Brian Quinlan brian at sweetapp.com
Wed Sep 6 13:33:43 CEST 2006


Marcin 'Qrczak' Kowalczyk wrote:
> Why would it matter? If most of their programs use UTF-8, and it's
> specified by the locale, then fine. My system uses mostly ISO-8859-2,
> and it's also fine, as long as there is a way for the program to get
> that information.

The problem is that blindly using the system encoding is error prone.

For example, I would imagine that when you type:

% less /usr/lib/python2.4/getopt.py

you see "Peter Ĺstrand" rather than "Peter Åstrand".

That happens because getopt.py is encoded in ISO-8859-1 and you are 
using ISO-8859-2 as your default encoding.
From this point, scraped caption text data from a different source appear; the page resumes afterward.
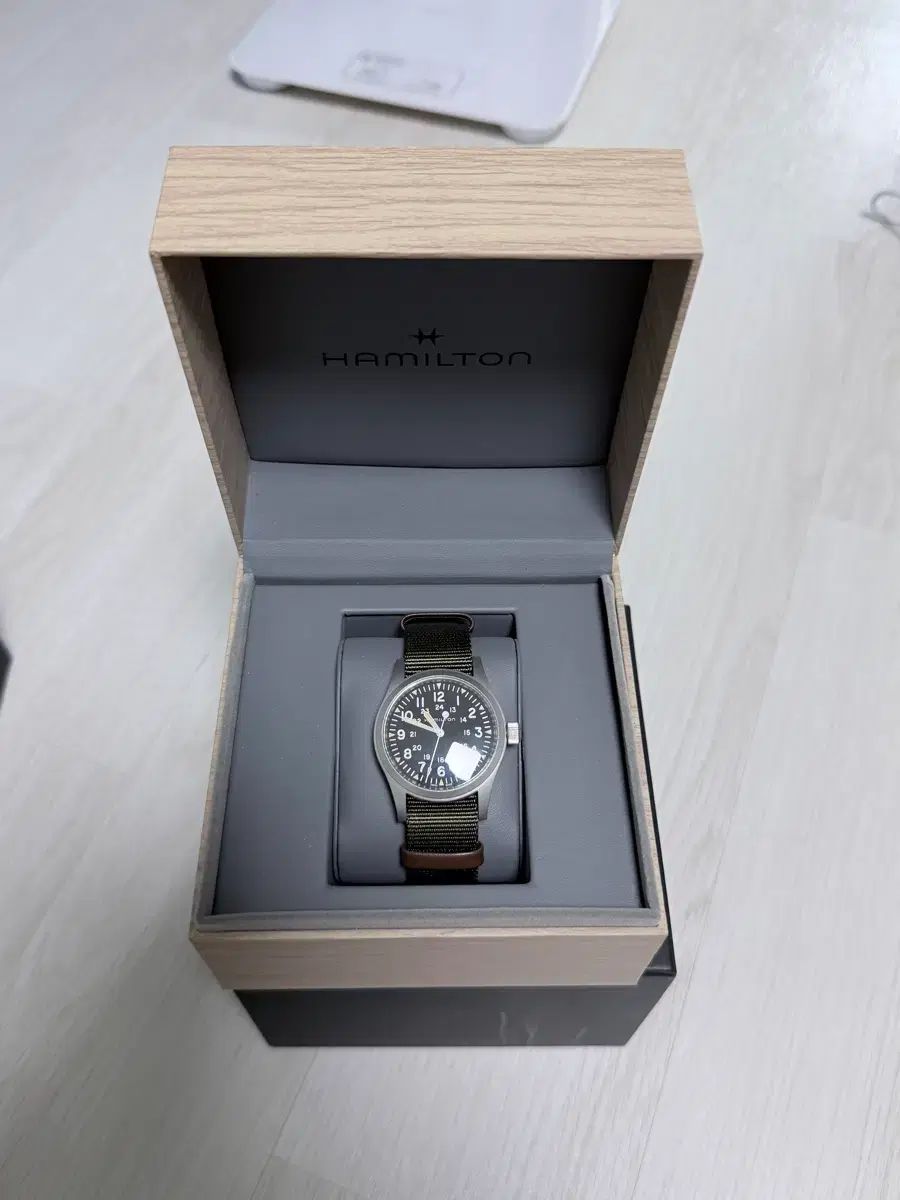 ハミルトン カーキフィールド 38mm メカニカル ナトーストラップ
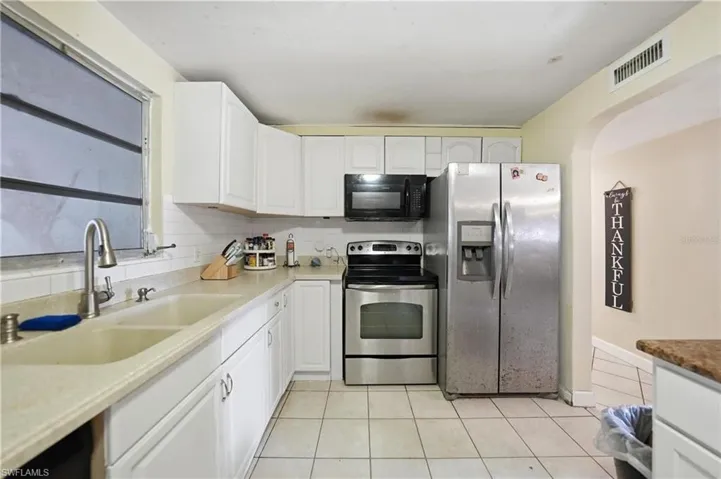 1201  Alabar  LN, Cape Coral, FL 33909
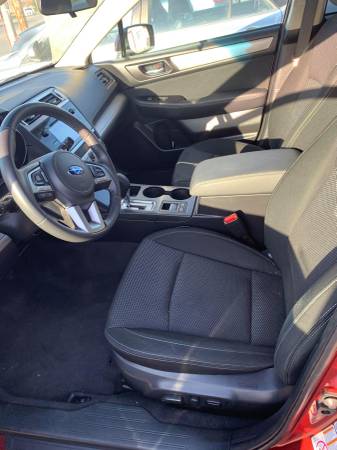 2017 Subaru Outback Premium AWD 30,540 miles www.smithburgs.com -... for sale in Fairfield, IA – photo 4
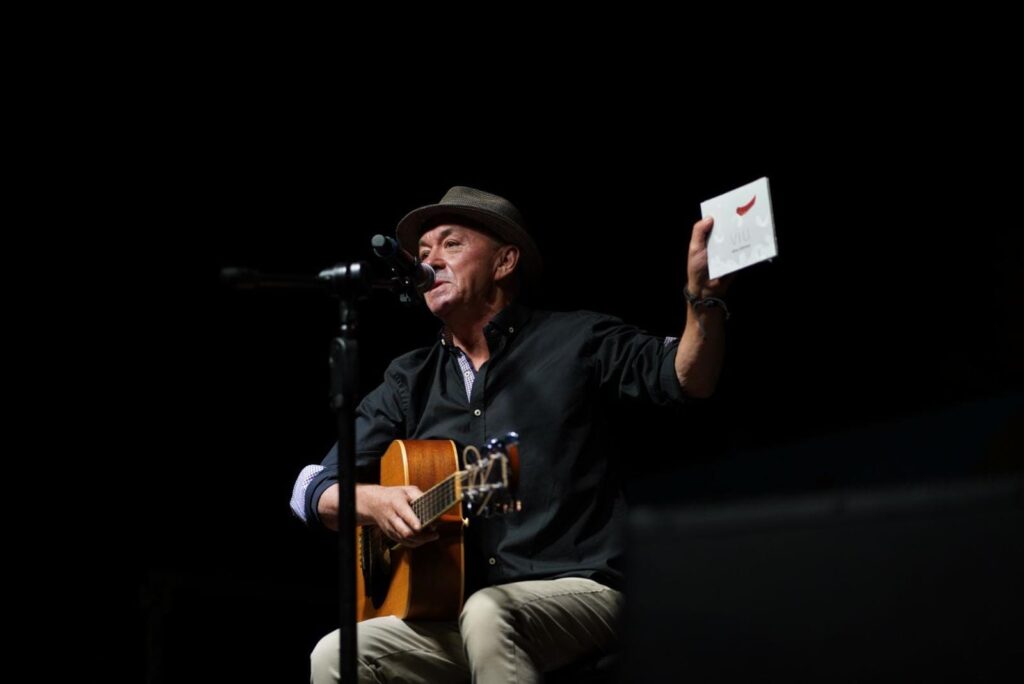 Un îndrăgit cântăreț de folk își lansează albumul ,,Viu", la Centrul Cultural ,,Florica Cristoforeanu" din Râmnicu Sărat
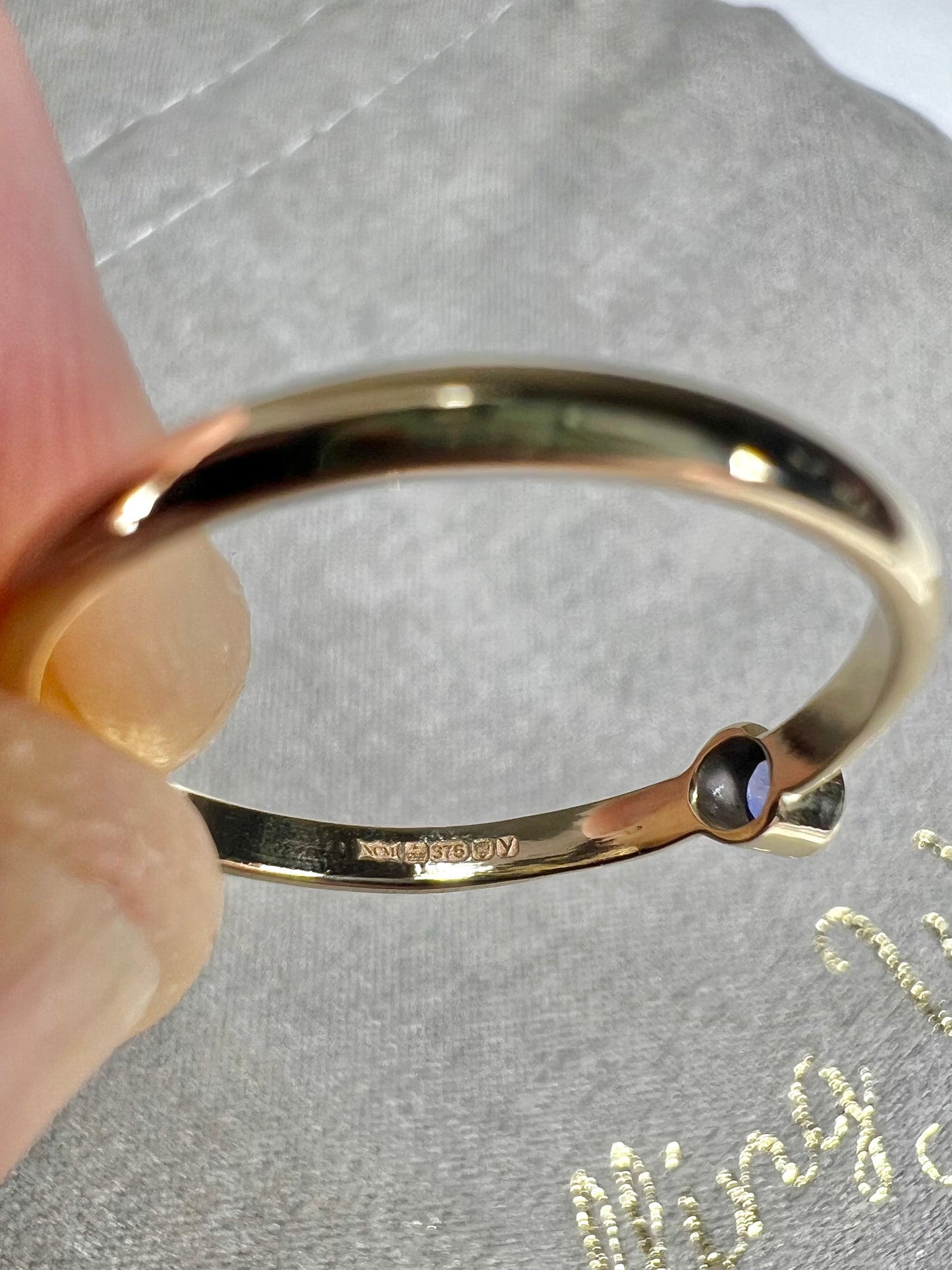 9ct yellow gold sapphire ring - size UK Q1/2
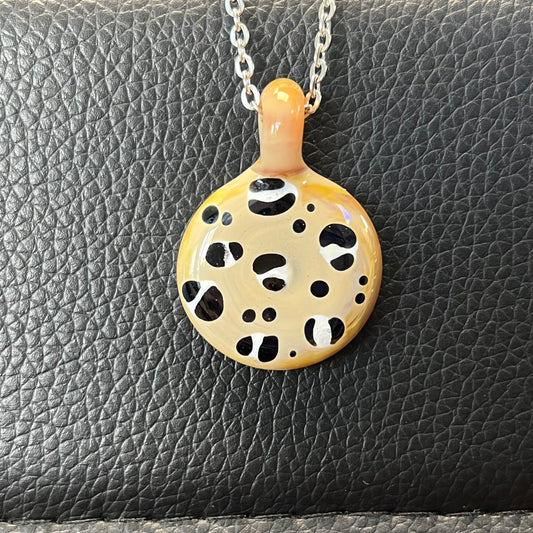 Leopard Pendy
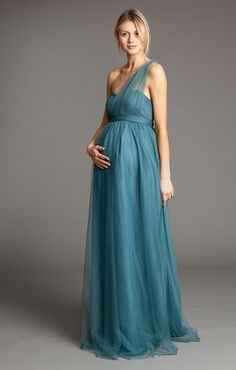 Will be 5 1/2 months pregnant on day of wedding!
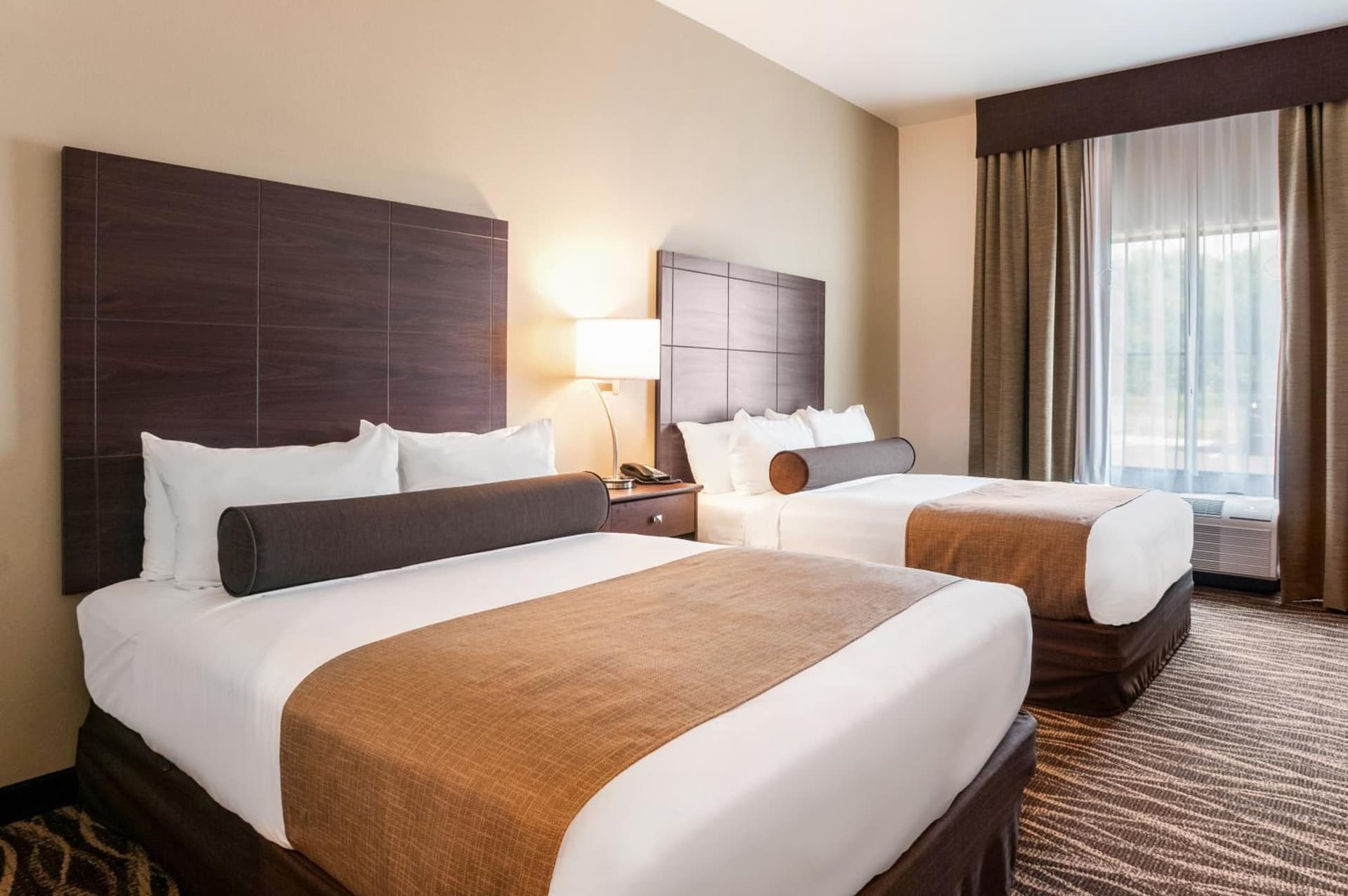 Cobblestone Hotel & Suites Appleton International Airport gallery photo in Neenah, WI — image 44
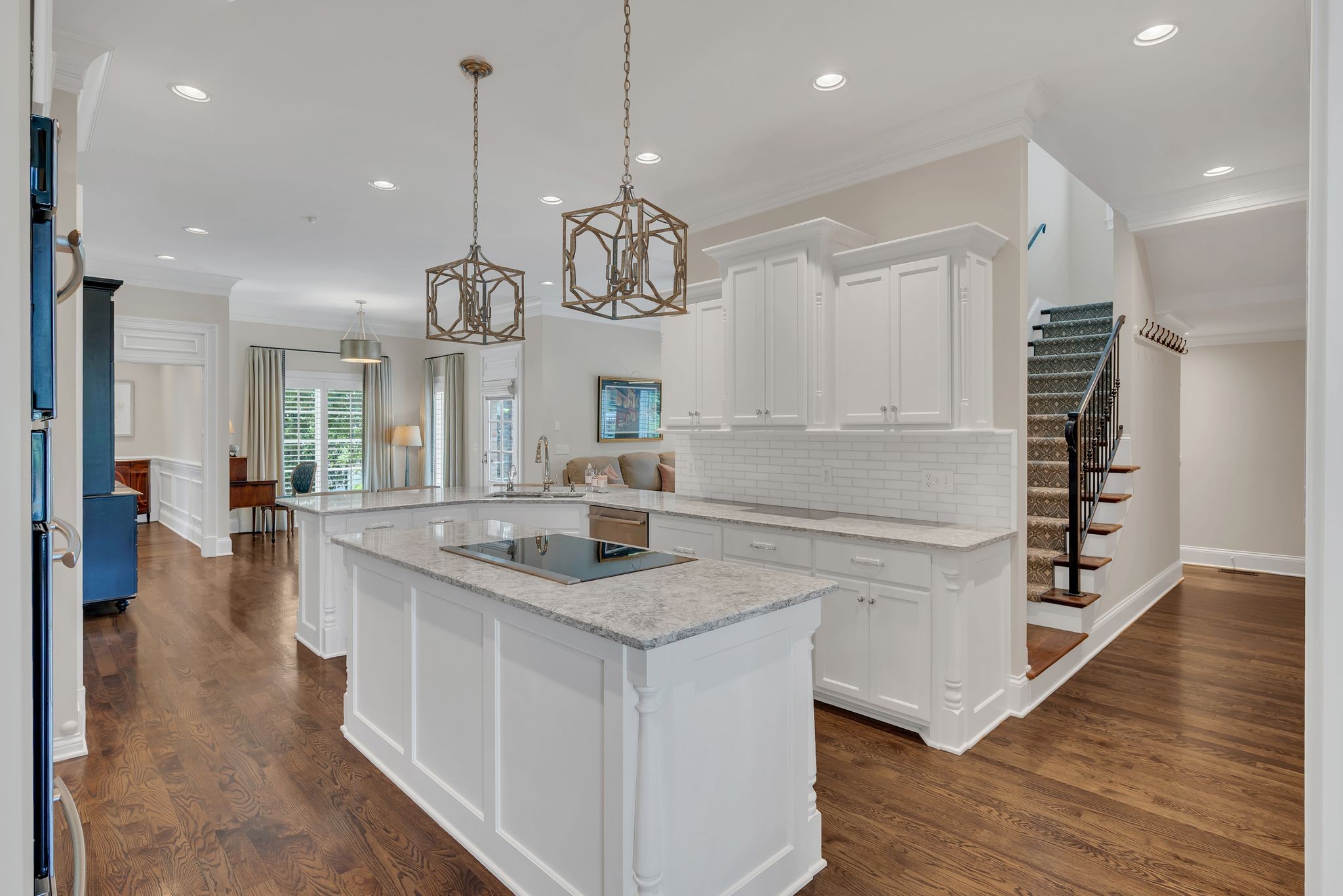 208 Belclaire Pl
Maybe you don't care about 
the display glitch but there are applications where it would be a big 
deal e.g. you are populating a database based on the content of text files.

> If a program can't read my text files or filenames or environment
> variables or program invocation arguments, while they are encoded
> according to the locale, then the program is broken.

How can the program know if the file is encoded according to your 
locale? Do you think that all of the text files on your system are 
encoded using ISO-8859-2? Should Python really just guess for you?

> If a file is not encoded using the encoding specified by the locale,
> and I don't tell the program explicitly about the encoding, then it's
> not the program's fault when it can't read that.
> 
> If a language requires extra steps in order to make the locale
> encoding work, then it's unhelpful.

No, it's favoring caution and trying to avoid letting errors slip 
through. If the programmer believes that they understand the issues and 
wants to use the locale encoding setting, it will cost her <20 
characters of typing per file open to do so.

> Most programmers won't bother,
> and their programs will work most of the time when they test it,
> assuming they use it with English texts. Such programs suddenly break
> when used in a non-English speaking country.

And that is a great thing! Their program will break in a nice clean 
understandable way, instead of proceeding and generating incorrect results.